Task requirements —
Once the line holding "Building Photo - Flexible" is found in the entries below, transcribe exactly every line up to and including the one holding "29.06.2025 - hella", but leave out the pictures.

Exercise inputs —
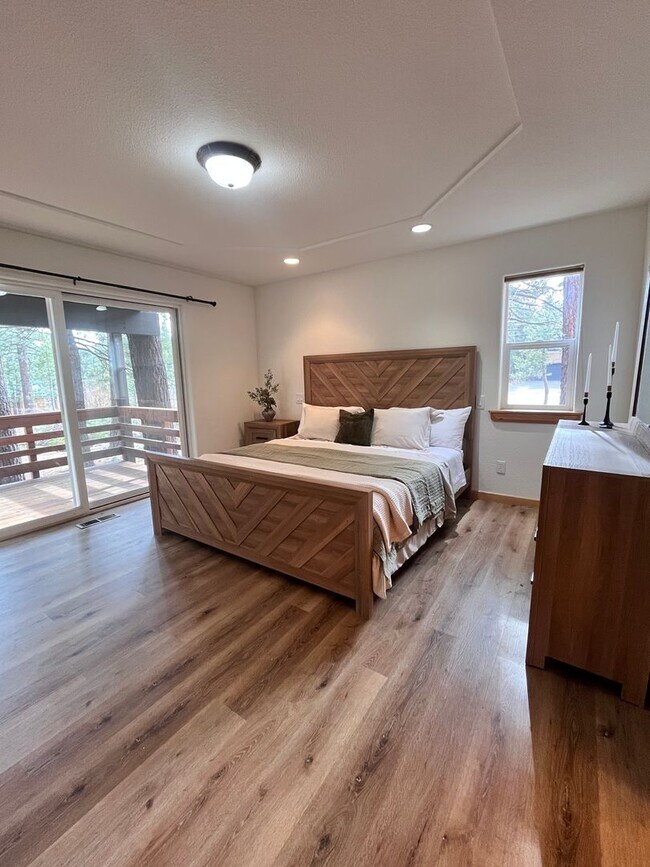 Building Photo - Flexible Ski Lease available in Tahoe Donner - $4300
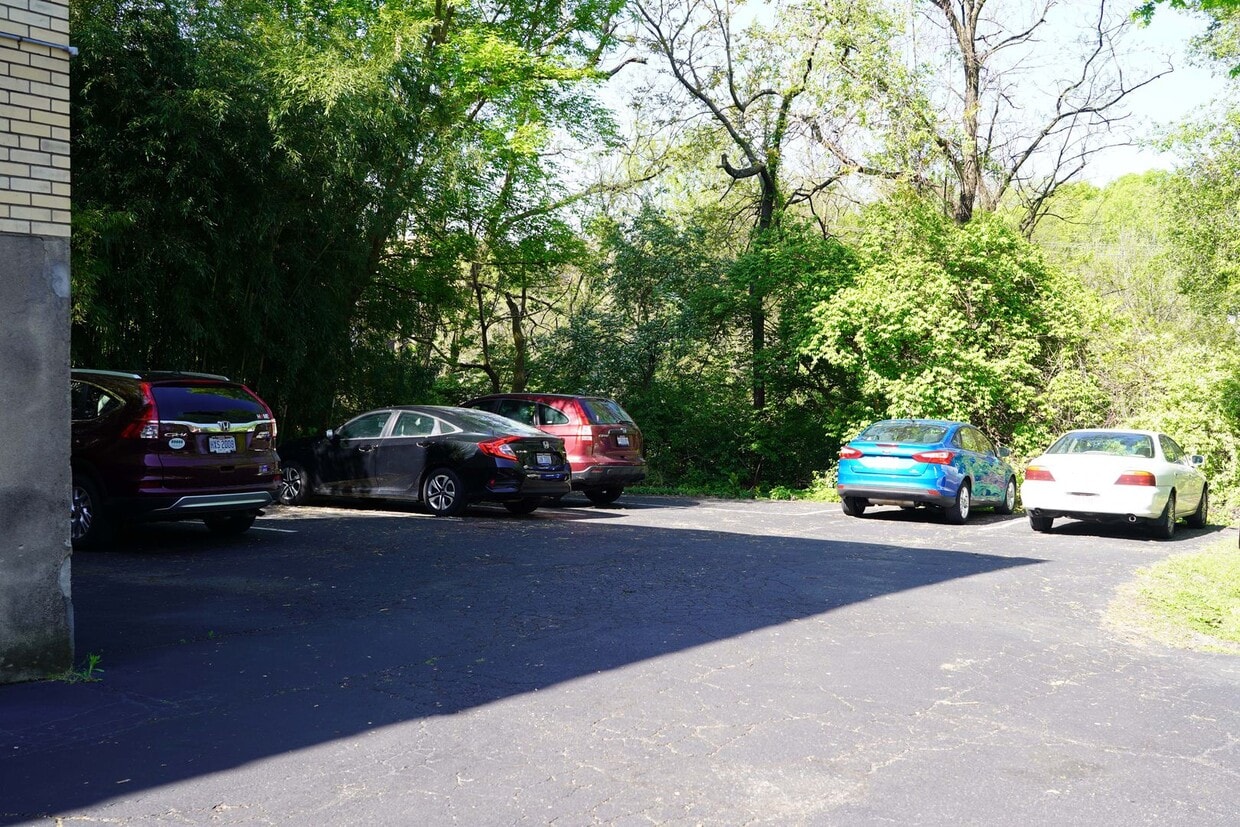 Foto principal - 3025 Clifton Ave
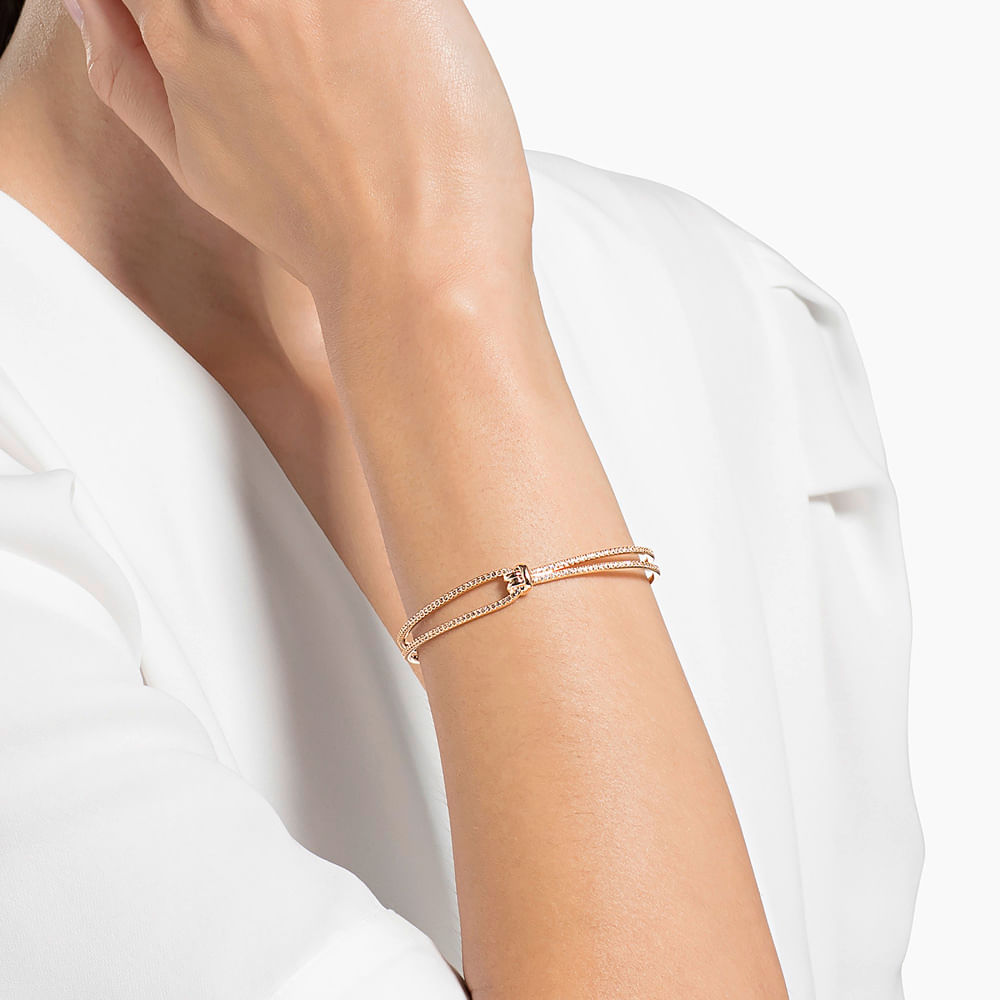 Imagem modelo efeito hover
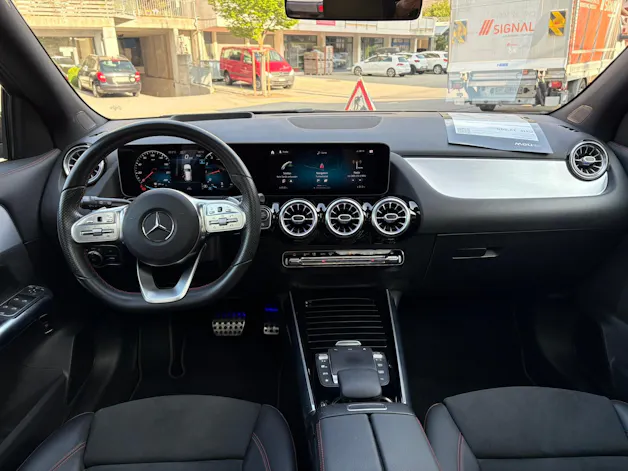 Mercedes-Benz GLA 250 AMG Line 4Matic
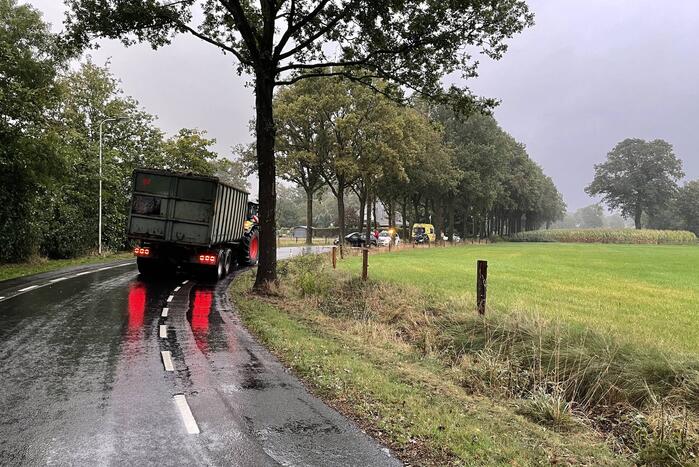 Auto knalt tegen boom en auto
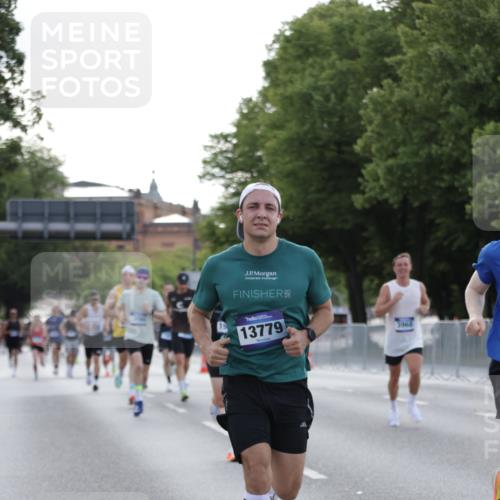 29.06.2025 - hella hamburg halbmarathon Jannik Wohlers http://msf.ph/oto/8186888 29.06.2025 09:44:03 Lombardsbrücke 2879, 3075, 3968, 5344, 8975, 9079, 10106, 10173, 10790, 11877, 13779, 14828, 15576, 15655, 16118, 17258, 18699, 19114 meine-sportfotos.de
...
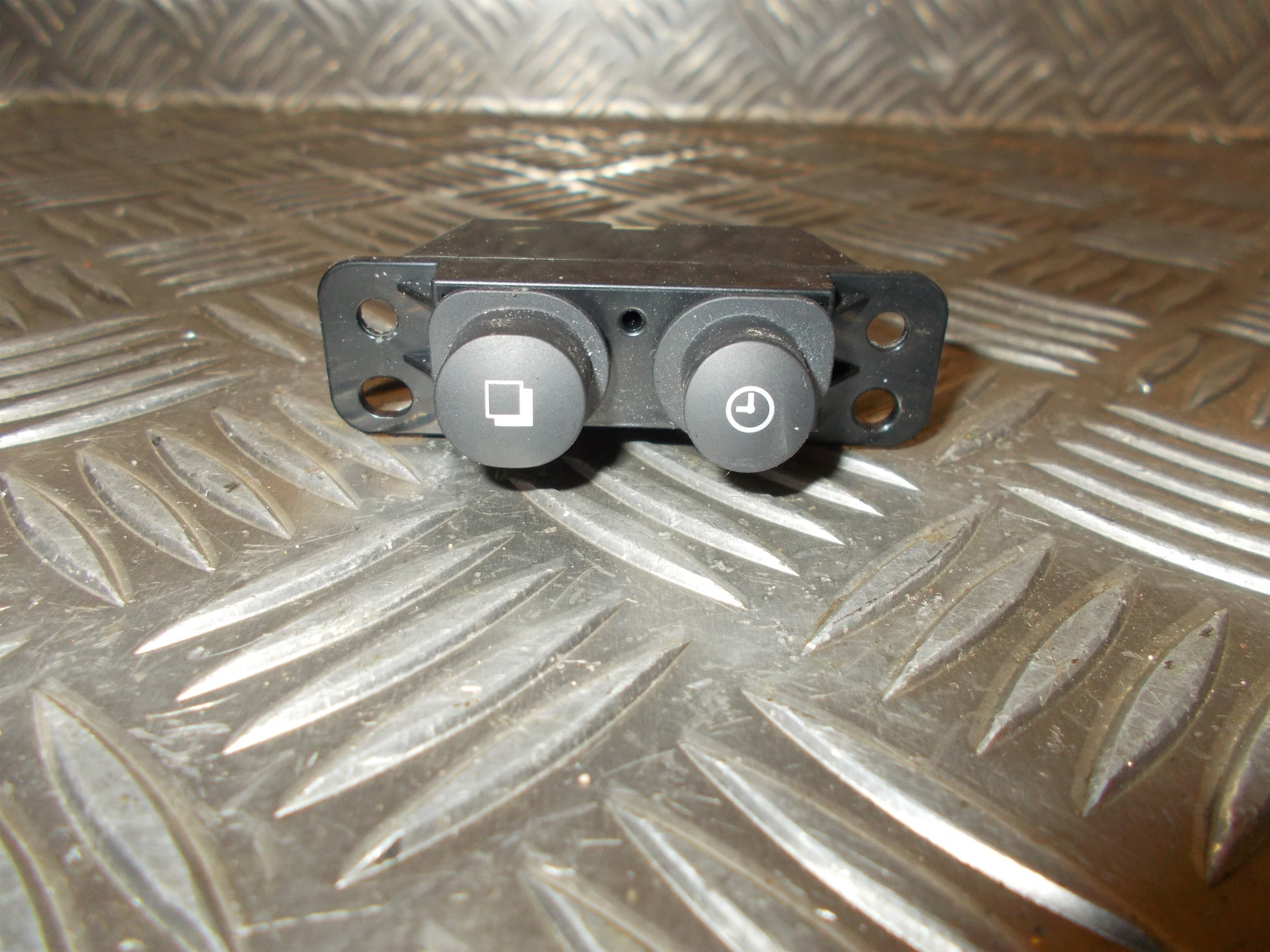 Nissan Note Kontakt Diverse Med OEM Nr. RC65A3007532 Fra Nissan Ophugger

Answer box —
 Building Photo - Flexible Ski Lease available in Tahoe Donner - $4300
 Foto principal - 3025 Clifton Ave
 Imagem modelo efeito hover
 Mercedes-Benz GLA 250 AMG Line 4Matic
 Auto knalt tegen boom en auto
 29.06.2025 - hella hamburg halbmarathon Jannik Wohlers http://msf.ph/oto/8186888 29.06.2025 09:44:03 Lombardsbrücke 2879, 3075, 3968, 5344, 8975, 9079, 10106, 10173, 10790, 11877, 13779, 14828, 15576, 15655, 16118, 17258, 18699, 19114 meine-sportfotos.de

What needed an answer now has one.